* [What the exercise asks]
Reproduce the entries in full and exactly. Pictures stay out.

[Entries provided — start]

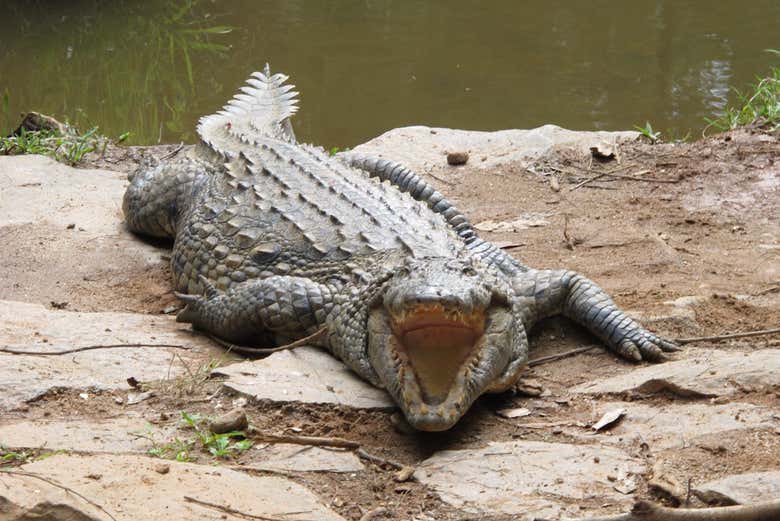 Um crocodilo em Andasibe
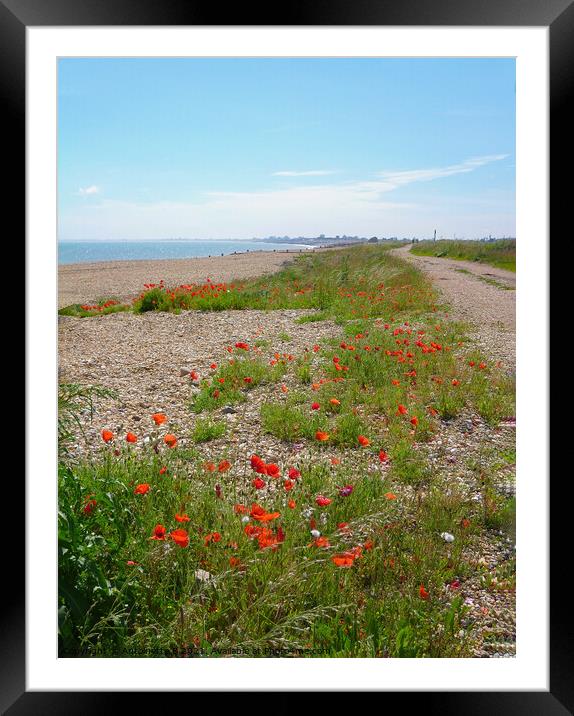 Wild poppies Hythe Ranges  Framed Mounted Print by Antoinette B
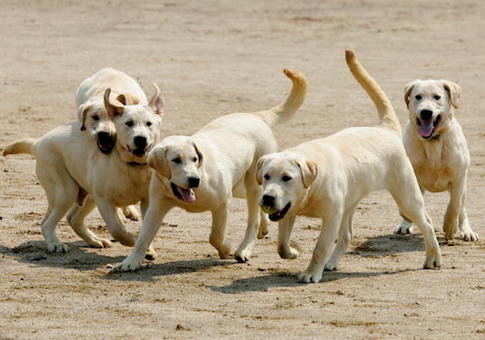 Lawmakers Pledge to Double Down on Bipartisan Effort to End VA Dog Testing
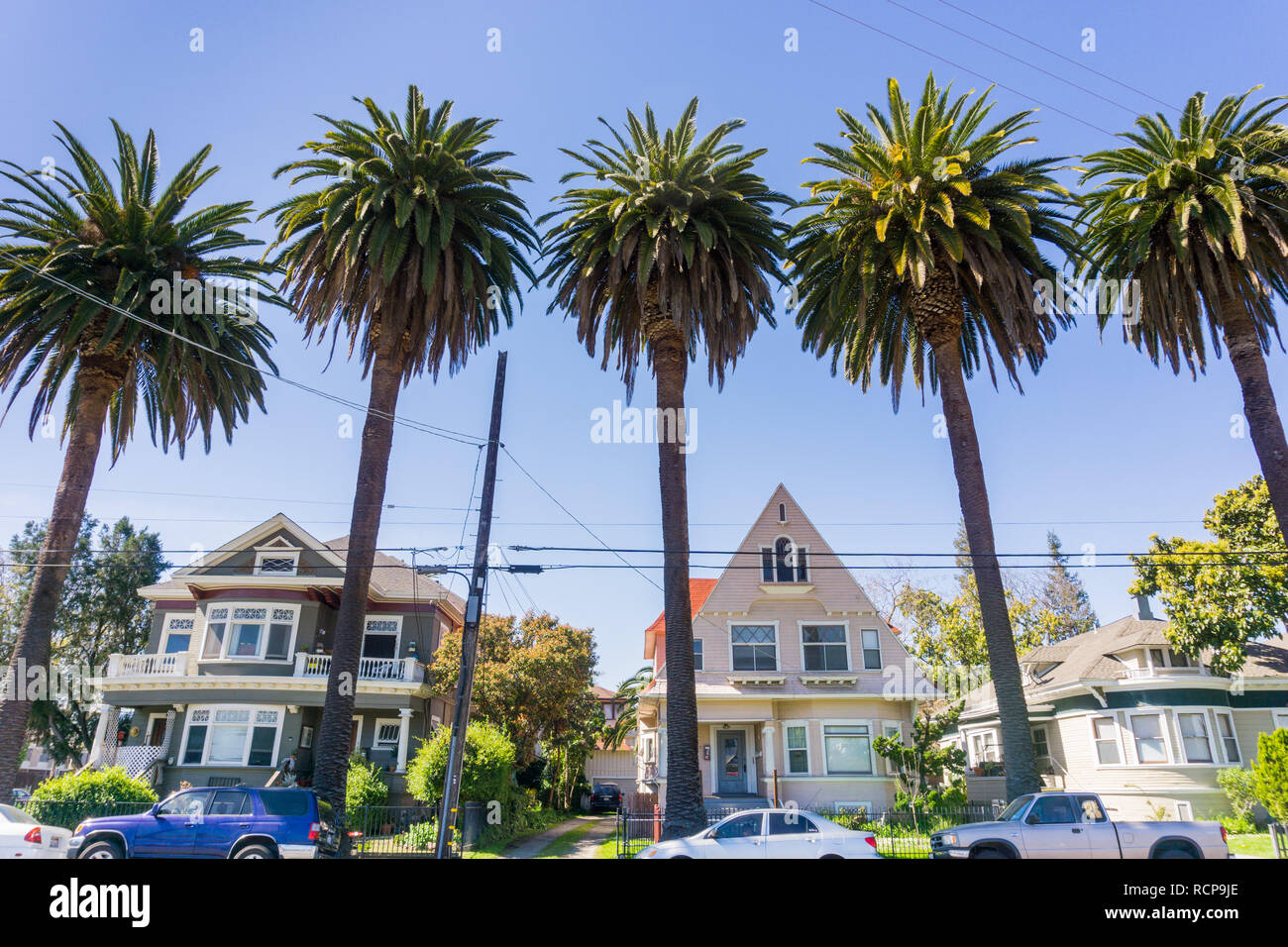 Viejas casas y palmeras en una calle en el centro de San Jose, California Foto de stock
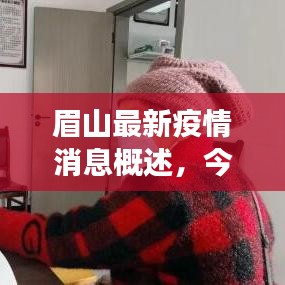 眉山最新疫情消息概述，今日动态及防控进展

[Entries provided — finish]

* [Finished exercise]
 Um crocodilo em Andasibe
 Wild poppies Hythe Ranges  Framed Mounted Print by Antoinette B
 Lawmakers Pledge to Double Down on Bipartisan Effort to End VA Dog Testing
 Viejas casas y palmeras en una calle en el centro de San Jose, California Foto de stock
 眉山最新疫情消息概述，今日动态及防控进展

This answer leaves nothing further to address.